TASK INSTRUCTIONS: Find the line that contains "BOLT ELECTRONICS Car". Copy it and every line after it to the end of the material below, exactly, with no pictures.

GIVEN RECORDS:
____________________

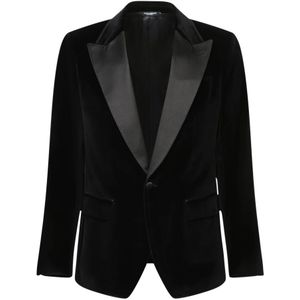 Dolce & Gabbana, Heren, Jassen, Zwart, Maat: S Satijn,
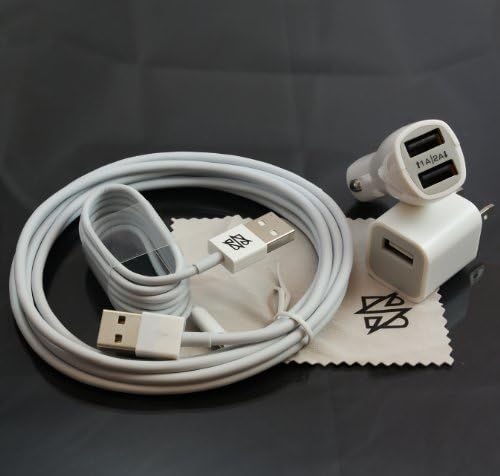BOLT ELECTRONICS Car & Wall Charger Set -Includes (1) 3 Ft Cable, (1) 6 Ft Cable, (1) Car Charger, and (1) Wall Charger. USB Sync Data / Charging Cable compatible for i Phone 5, i Pad Mini, i Pod Touch 5th Gen (White)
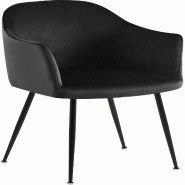 Décoshop26 - Chaise de salle à manger en velours noir avec dossier arrondi et pieds métal noir moderne et intemporel 10_0007372 - noir métal 30002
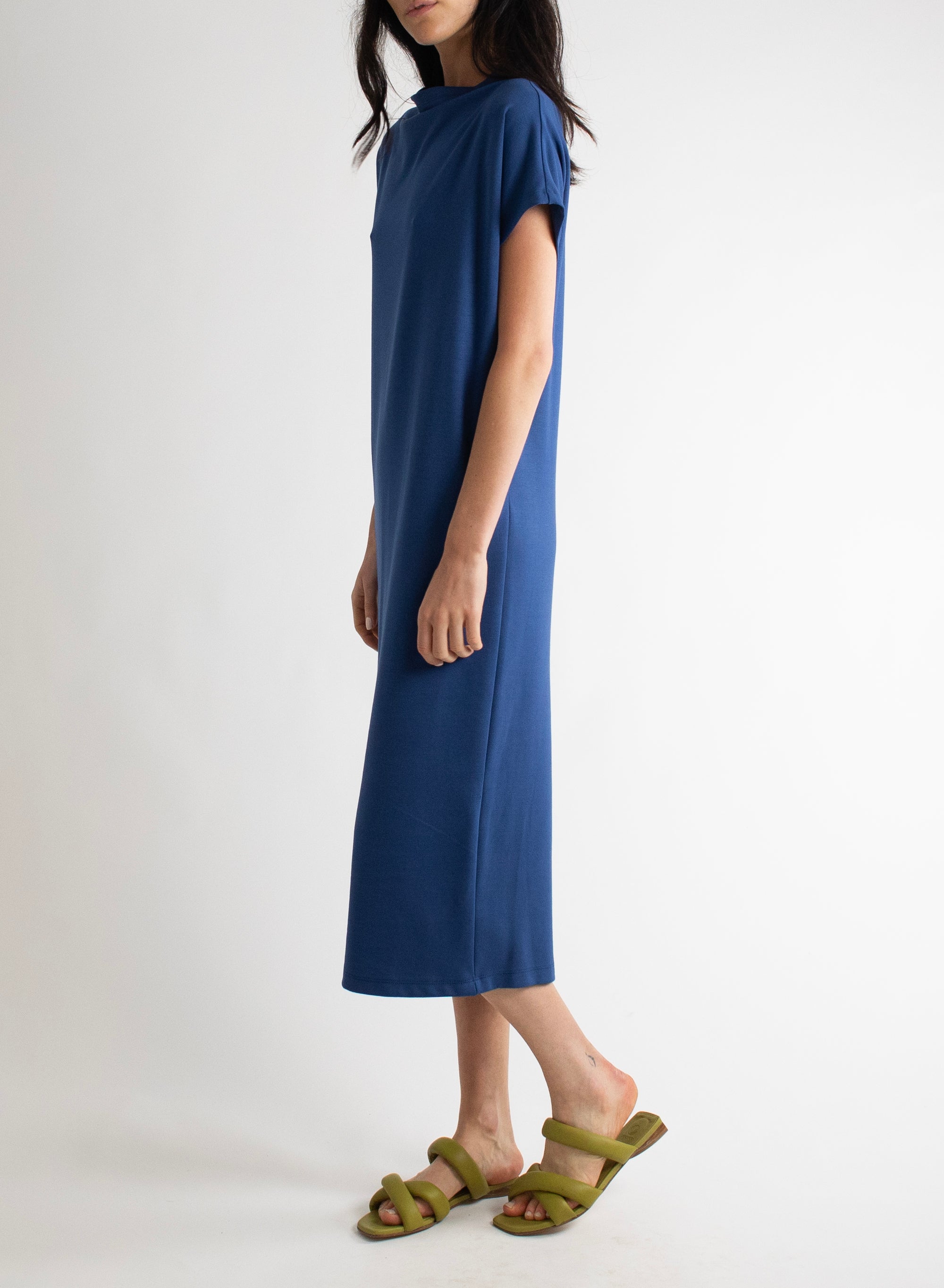 Mock Neck T-Shirt Dress - Denim - Meg Canada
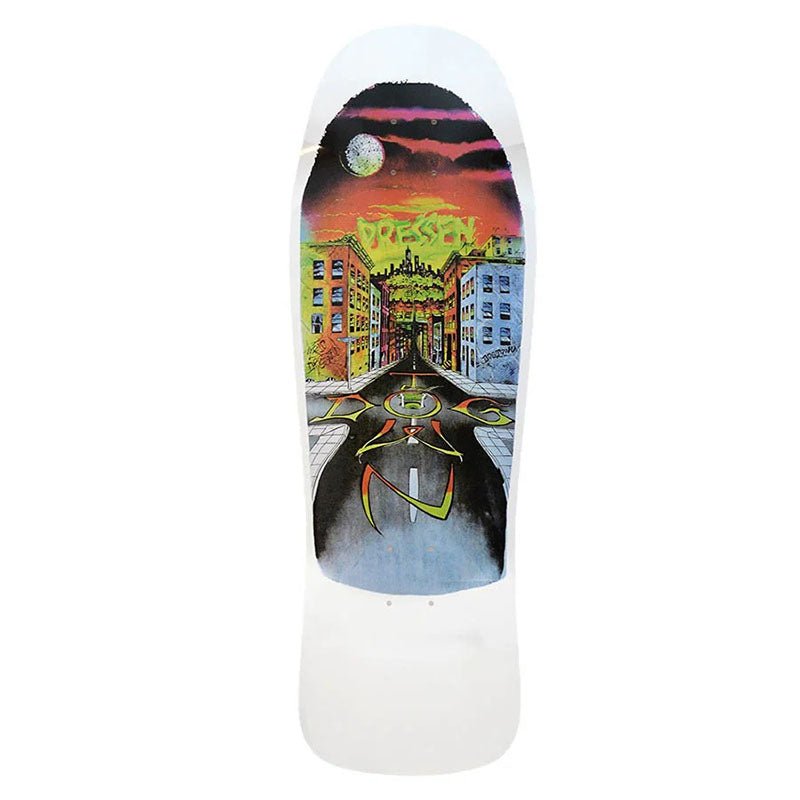 Dogtown 10.020" x 30.30" Eric Dressen Street 80s Reissue WHITE DIP Skateboard Deck - 5150 Skate Shop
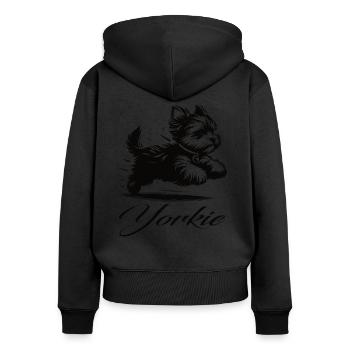 Funny Yorkshire Terrier Design – Small but Mighty - Women's Premium Organic Zip Hoodie - black - Back - Julia (174cm)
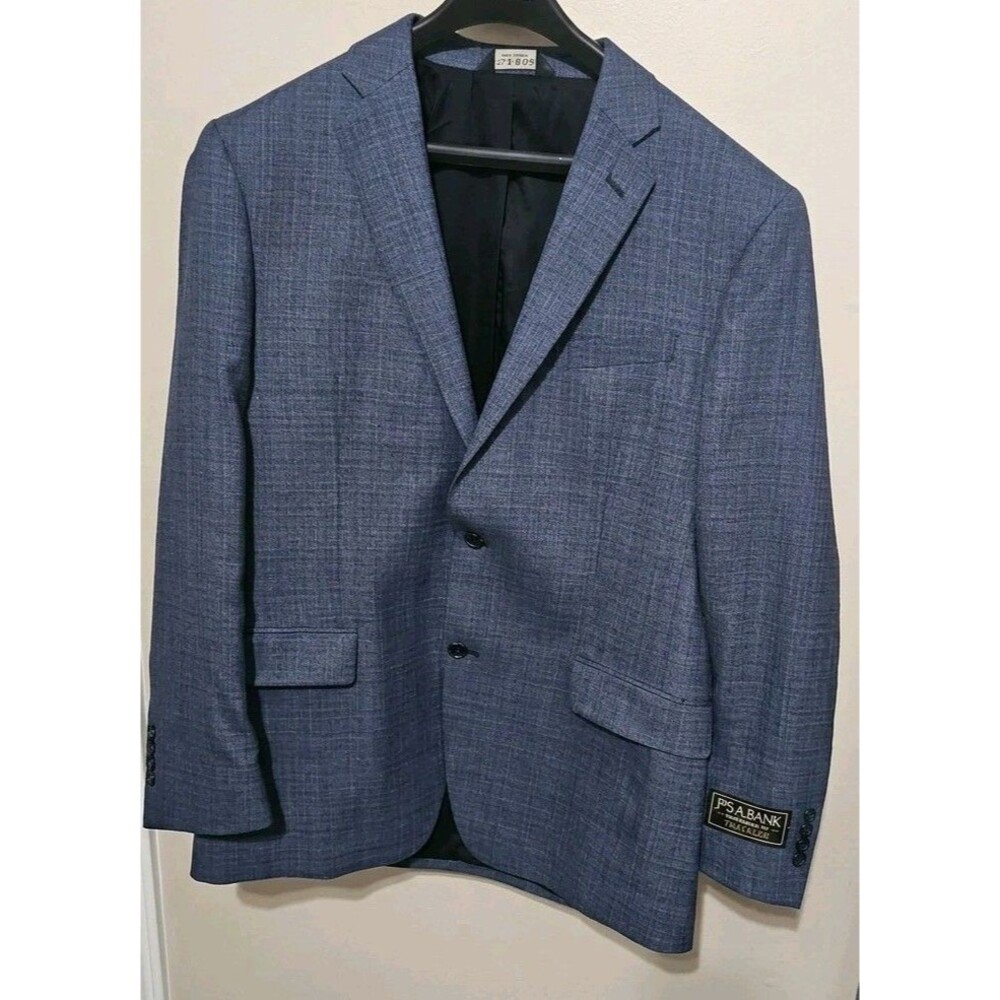 Jos. A. Bank Traveler Collection Suit Jacket 100% Wool Mid-Blue Size 42 Long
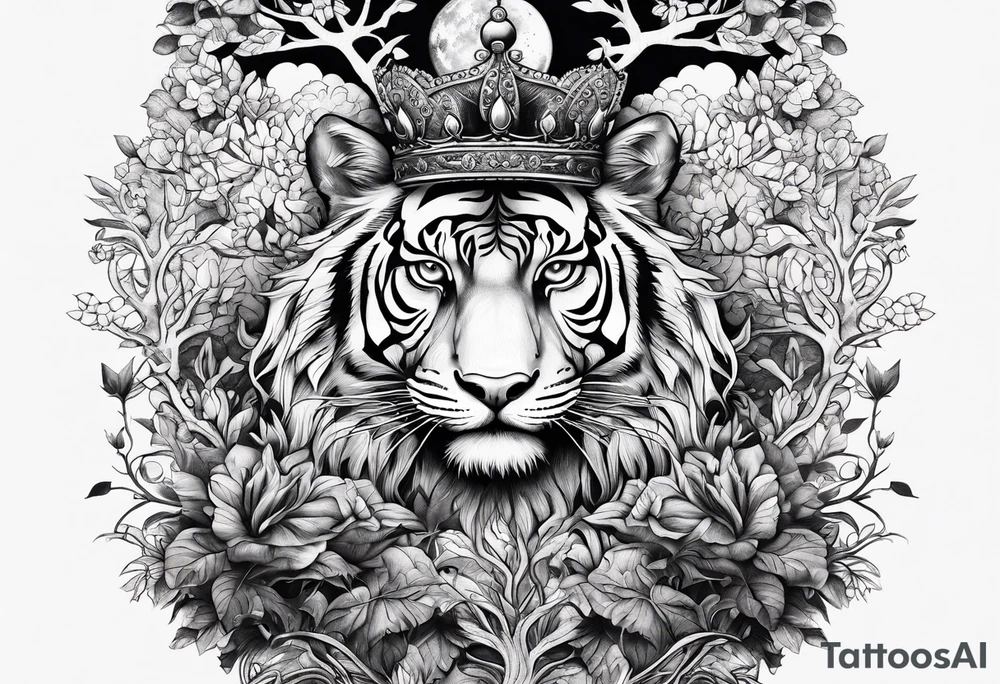 Tree of life with a tiger and a crown tattoo idea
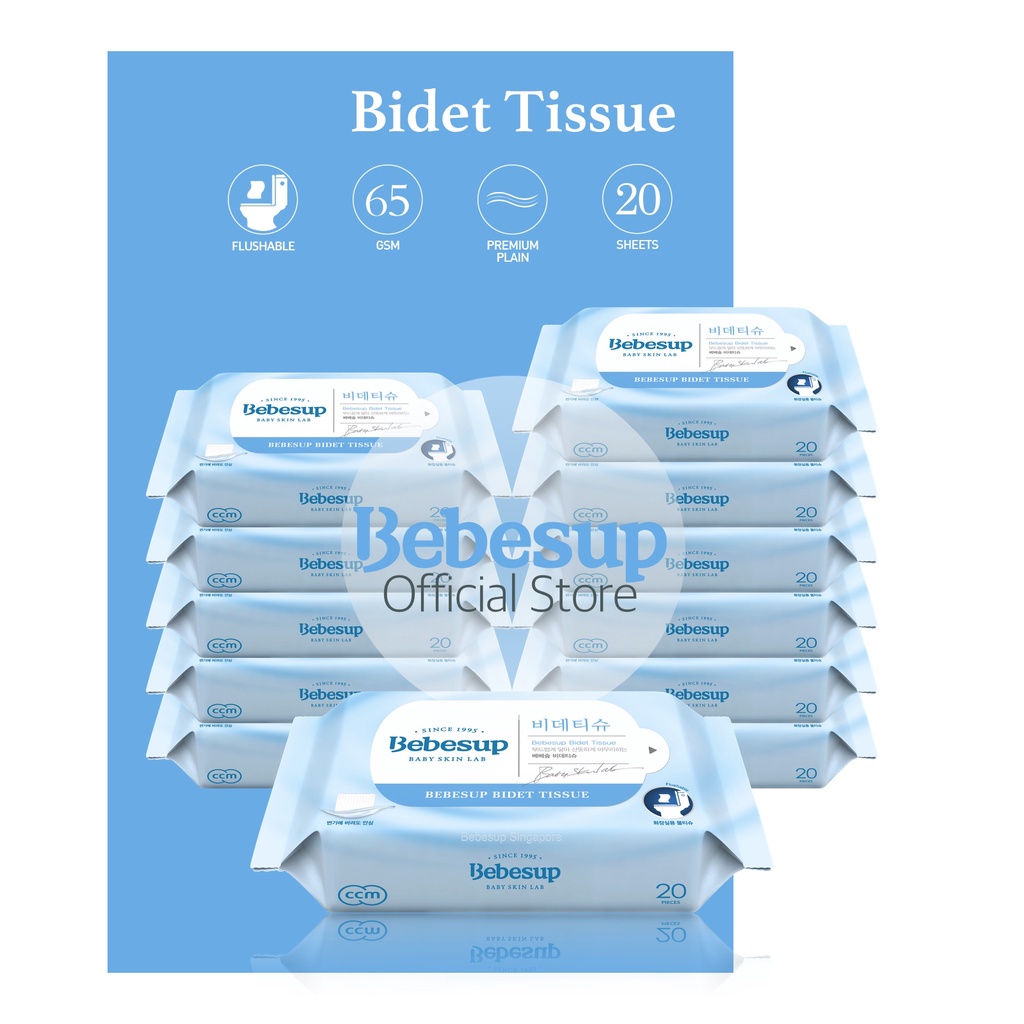 [Official] Bebesup Flushable Bidet Wet Tissue (Flushable Wet Wipes
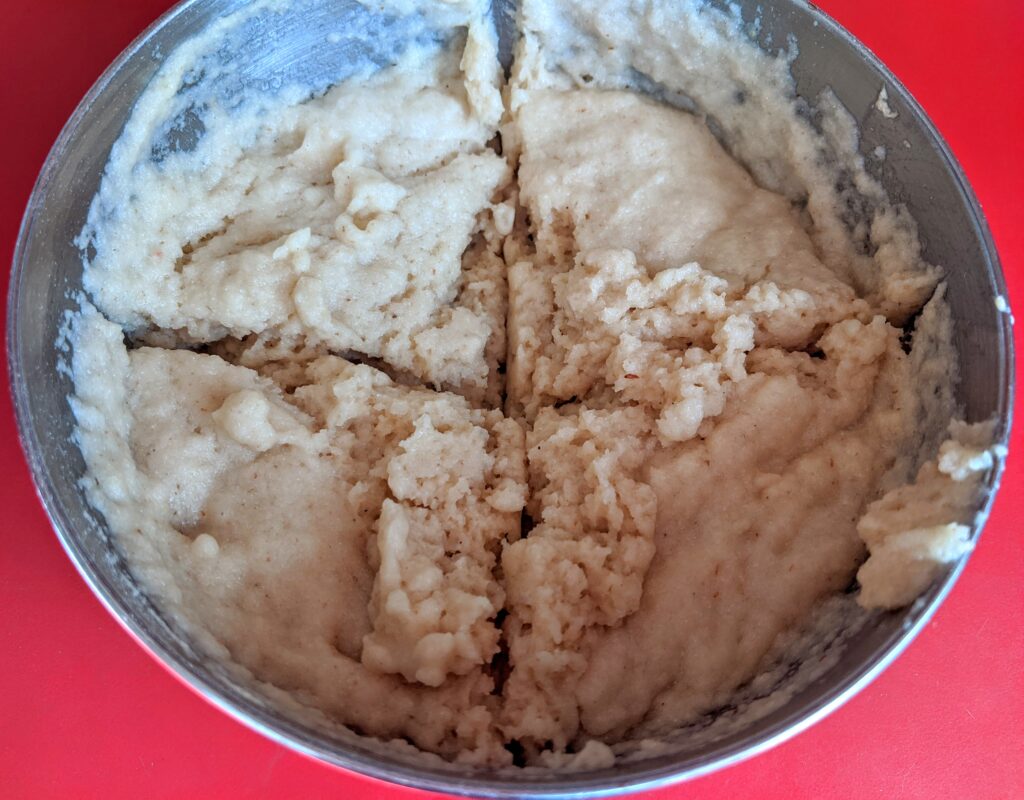 Collagen English Muffin batter divided into 4 equal quadrants.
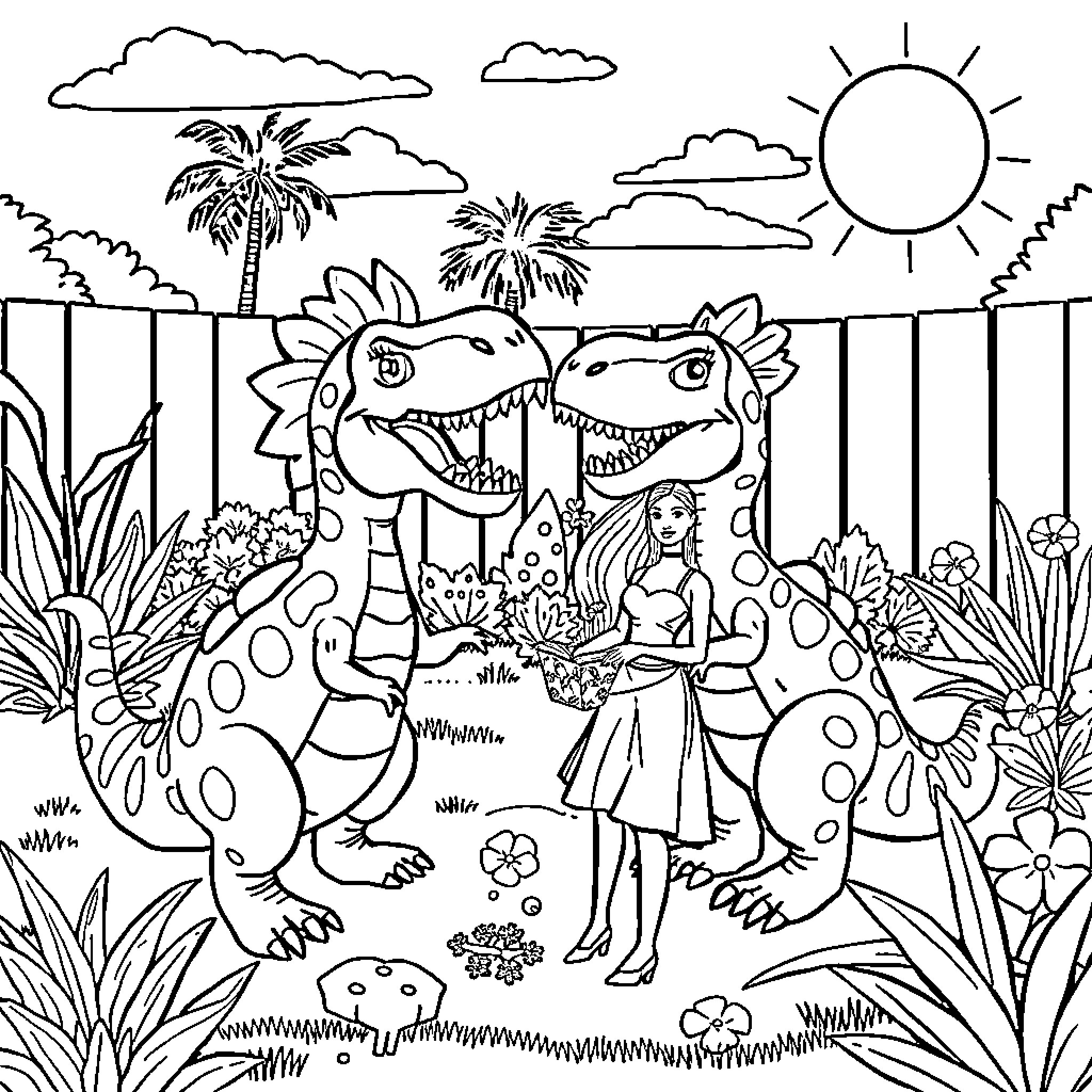 Dinosaurs playing with girl in lush tropical landscape Coloring Page (free black-and-white line drawing printable PDF for all, from beginners to advanced learners, including children, teens, adults, and seniors)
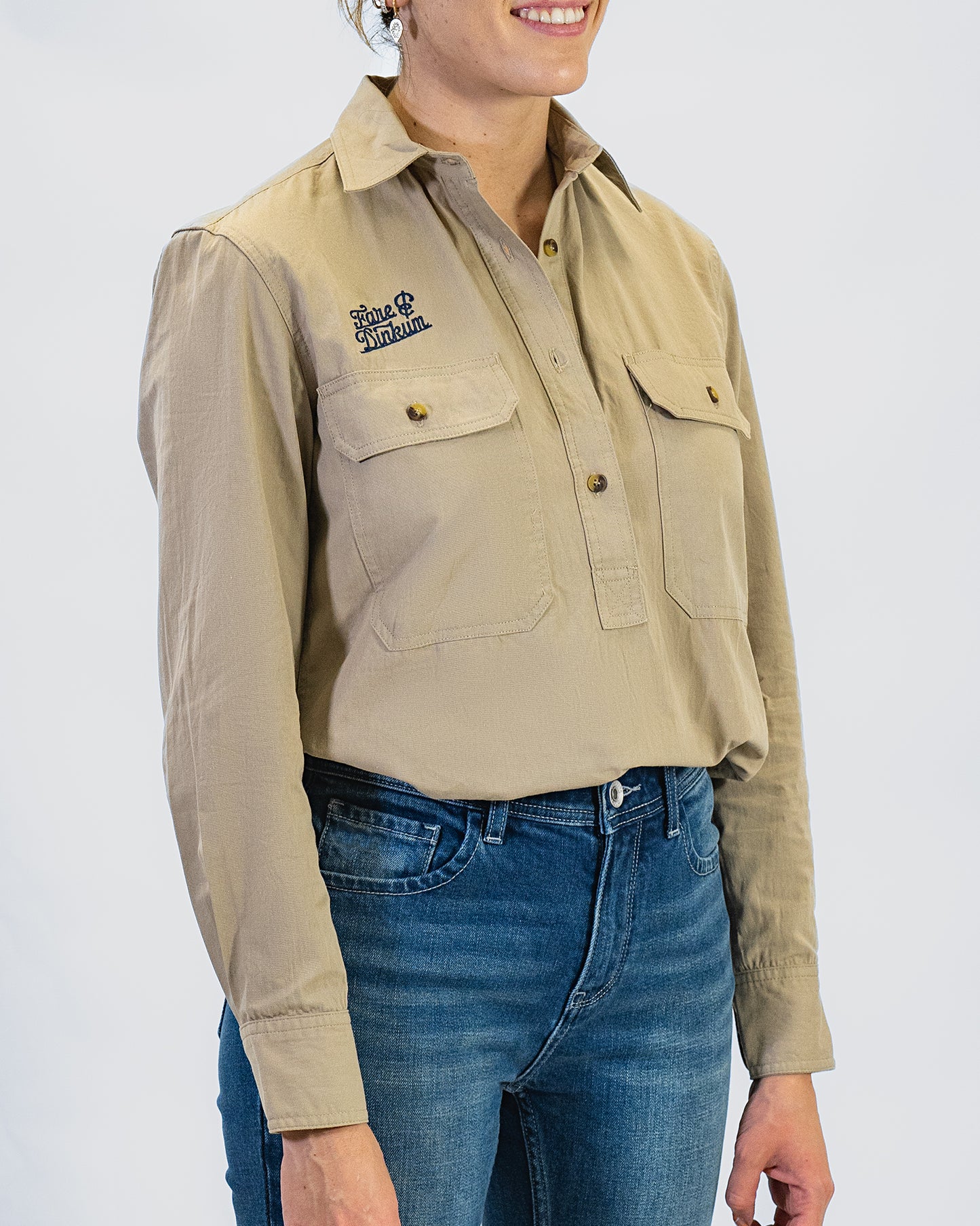 Ladies Work Shirt Khaki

____________________

PROBLEM SOLUTION:
BOLT ELECTRONICS Car & Wall Charger Set -Includes (1) 3 Ft Cable, (1) 6 Ft Cable, (1) Car Charger, and (1) Wall Charger. USB Sync Data / Charging Cable compatible for i Phone 5, i Pad Mini, i Pod Touch 5th Gen (White)
 Décoshop26 - Chaise de salle à manger en velours noir avec dossier arrondi et pieds métal noir moderne et intemporel 10_0007372 - noir métal 30002
 Mock Neck T-Shirt Dress - Denim - Meg Canada
 Dogtown 10.020" x 30.30" Eric Dressen Street 80s Reissue WHITE DIP Skateboard Deck - 5150 Skate Shop
 Funny Yorkshire Terrier Design – Small but Mighty - Women's Premium Organic Zip Hoodie - black - Back - Julia (174cm)
 Jos. A. Bank Traveler Collection Suit Jacket 100% Wool Mid-Blue Size 42 Long
 Tree of life with a tiger and a crown tattoo idea
 [Official] Bebesup Flushable Bidet Wet Tissue (Flushable Wet Wipes
 Collagen English Muffin batter divided into 4 equal quadrants.
 Dinosaurs playing with girl in lush tropical landscape Coloring Page (free black-and-white line drawing printable PDF for all, from beginners to advanced learners, including children, teens, adults, and seniors)
 Ladies Work Shirt Khaki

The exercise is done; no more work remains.